__EXTRACTED MATERIAL__:

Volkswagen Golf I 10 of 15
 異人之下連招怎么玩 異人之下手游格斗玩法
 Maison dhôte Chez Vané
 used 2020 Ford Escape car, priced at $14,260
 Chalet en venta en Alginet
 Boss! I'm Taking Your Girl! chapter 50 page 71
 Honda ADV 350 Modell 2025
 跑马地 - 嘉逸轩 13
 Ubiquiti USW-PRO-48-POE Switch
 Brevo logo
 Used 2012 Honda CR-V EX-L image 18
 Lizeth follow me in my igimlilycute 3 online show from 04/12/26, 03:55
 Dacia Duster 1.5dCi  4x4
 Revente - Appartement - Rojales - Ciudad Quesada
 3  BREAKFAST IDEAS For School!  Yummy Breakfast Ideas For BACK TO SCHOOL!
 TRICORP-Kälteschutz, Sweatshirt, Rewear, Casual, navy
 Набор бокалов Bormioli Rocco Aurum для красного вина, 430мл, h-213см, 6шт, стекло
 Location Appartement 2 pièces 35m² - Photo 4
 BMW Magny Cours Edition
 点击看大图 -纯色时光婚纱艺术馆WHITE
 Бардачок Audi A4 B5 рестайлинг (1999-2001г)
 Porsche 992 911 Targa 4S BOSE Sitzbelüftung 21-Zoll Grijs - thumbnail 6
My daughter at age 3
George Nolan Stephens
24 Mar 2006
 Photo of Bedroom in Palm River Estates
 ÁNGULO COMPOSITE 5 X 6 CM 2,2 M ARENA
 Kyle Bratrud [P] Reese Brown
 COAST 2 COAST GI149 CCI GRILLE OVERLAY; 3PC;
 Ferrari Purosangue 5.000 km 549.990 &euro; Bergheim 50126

__WHAT IS REQUIRED__:
Every line above should be written out again, unchanged.

__ANSWER TO THE EXERCISE__:
Volkswagen Golf I 10 of 15
 異人之下連招怎么玩 異人之下手游格斗玩法
 Maison dhôte Chez Vané
 used 2020 Ford Escape car, priced at $14,260
 Chalet en venta en Alginet
 Boss! I'm Taking Your Girl! chapter 50 page 71
 Honda ADV 350 Modell 2025
 跑马地 - 嘉逸轩 13
 Ubiquiti USW-PRO-48-POE Switch
 Brevo logo
 Used 2012 Honda CR-V EX-L image 18
 Lizeth follow me in my igimlilycute 3 online show from 04/12/26, 03:55
 Dacia Duster 1.5dCi  4x4
 Revente - Appartement - Rojales - Ciudad Quesada
 3  BREAKFAST IDEAS For School!  Yummy Breakfast Ideas For BACK TO SCHOOL!
 TRICORP-Kälteschutz, Sweatshirt, Rewear, Casual, navy
 Набор бокалов Bormioli Rocco Aurum для красного вина, 430мл, h-213см, 6шт, стекло
 Location Appartement 2 pièces 35m² - Photo 4
 BMW Magny Cours Edition
 点击看大图 -纯色时光婚纱艺术馆WHITE
 Бардачок Audi A4 B5 рестайлинг (1999-2001г)
 Porsche 992 911 Targa 4S BOSE Sitzbelüftung 21-Zoll Grijs - thumbnail 6
My daughter at age 3
George Nolan Stephens
24 Mar 2006
 Photo of Bedroom in Palm River Estates
 ÁNGULO COMPOSITE 5 X 6 CM 2,2 M ARENA
 Kyle Bratrud [P] Reese Brown
 COAST 2 COAST GI149 CCI GRILLE OVERLAY; 3PC;
 Ferrari Purosangue 5.000 km 549.990 &euro; Bergheim 50126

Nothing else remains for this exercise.